For studies of coffee consumption and smoking-related cancers including bladder cancer, potential confounding by smoking merits particular attention. Observationally [5, 6] and genetically [32], heavier coffee consumers are more likely to be smokers. In a large cohort of US population [6], only 5.3% of coffee non-drinkers were current smokers, whereas the corresponding data in those consuming ≥4 cups/d of coffee was 25.8%. For current smokers, coffee consumption tends to be associated with larger smoking amount [6] and longer smoking duration [31]; for former smokers, habitual coffee drinkers are likely to have been quitting smoking for shorter duration [6]. All these coffee-related smoking features are associated with increased risk of bladder cancer when comparing with never smoking [33]. Thus, adjustment for smoking among individual studies needs to be carefully evaluated in meta-analyses of coffee consumption and smoking-related cancer.

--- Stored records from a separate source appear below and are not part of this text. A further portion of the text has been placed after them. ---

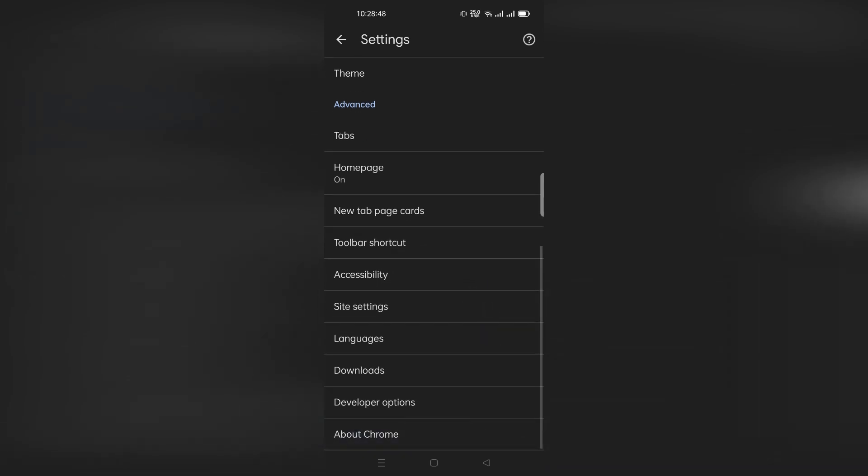If you don't see the address bar option in settings, you may have to restart Chrome Canary a couple of times for the changes to take effect.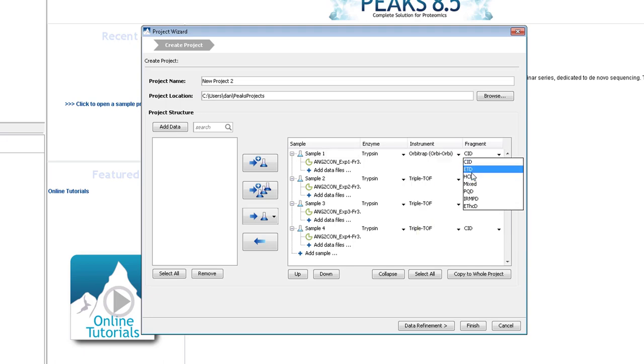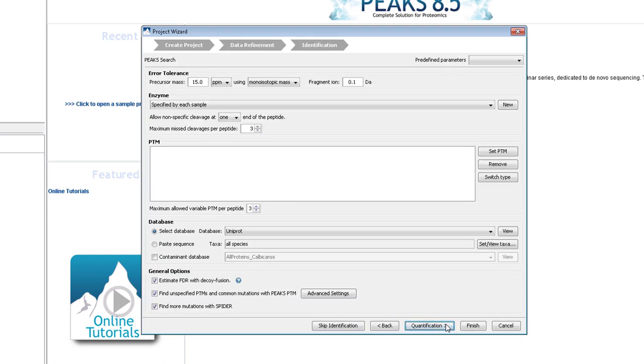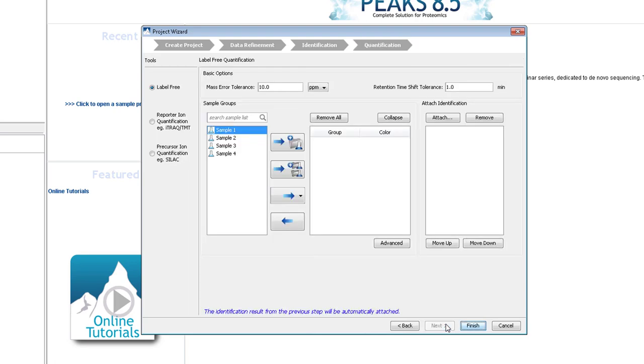Then, continue through data refinement, then identification. If you are using this project creation wizard, you don't need to add the labels as PTMs. When you set up the quantification parameters in the next step, the PTMs will be added.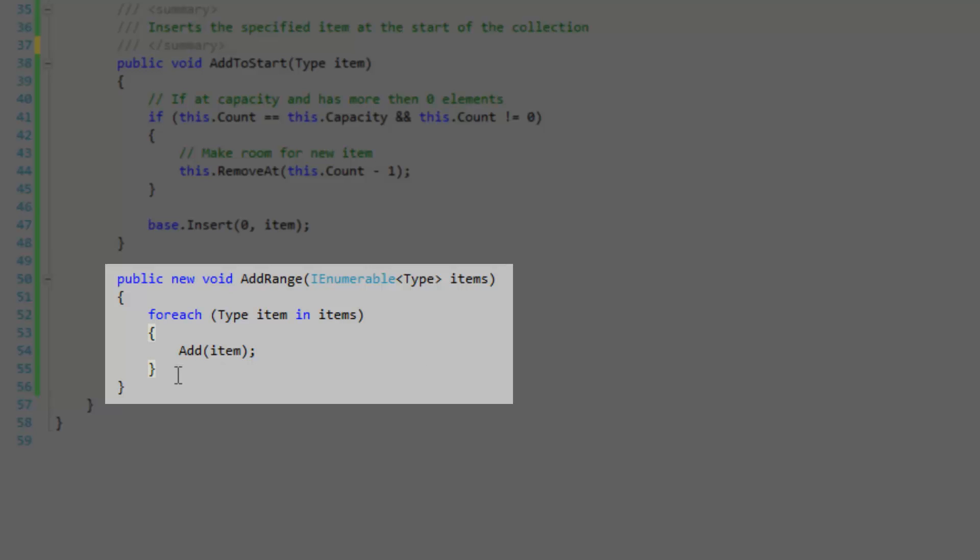It may be a bit more efficient for me to write some sort of logic that will trim the collection ahead of time appropriately and then just add the entire range using the base add range method. But I don't know, this is a lot more simpler and I really don't need any performance in my case.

Several previous meta-analysis [10–13] of published case-control and cohort studies suggested increased risk of bladder cancer associated with higher consumption of coffee. However, the overall positive association was totally driven by case-control data, and all of these meta-analyses showed no significant coffee-bladder cancer association in the cohort-only analyses (including nine [13] or fewer cohorts [10–12]), which is concordant with findings of the current meta-analysis. Of note, in the 2015 meta-analysis by Wu et al [12], it was suggested that coffee consumption was substantially associated with a 72% increased risk of bladder cancer among nonsmokers (never and former smokers). More recently, results from a pooled analysis of 13 case-control studies also suggested a positive association between coffee consumption and risk of bladder cancer in never smokers [34]. Such positive associations in these previous analyses, however, may have been largely or fully driven by residual confounding by smoking history (former smokers relative to never smokers still have increased bladder cancer risk [33]) or by serious information biases (e.g. recall bias) inherent in the original case-control studies. Being aware of earlier information that coffee may be carcinogenic for the bladder (e.g. IARC classified coffee as “possibly carcinogenic” to the bladder in 1991 [3]), patients with bladder cancer in the case-control studies may exaggerate the amount of coffee consumed. Evaluating the association among never smoking individuals using prospective data can avoid these biases. In the current meta-analysis, a subgroup analysis pooling data from six prospective studies, four of which were published after the Wu et al’ meta-analysis [12], did not support an association between coffee consumption and risk of bladder cancer among never smokers.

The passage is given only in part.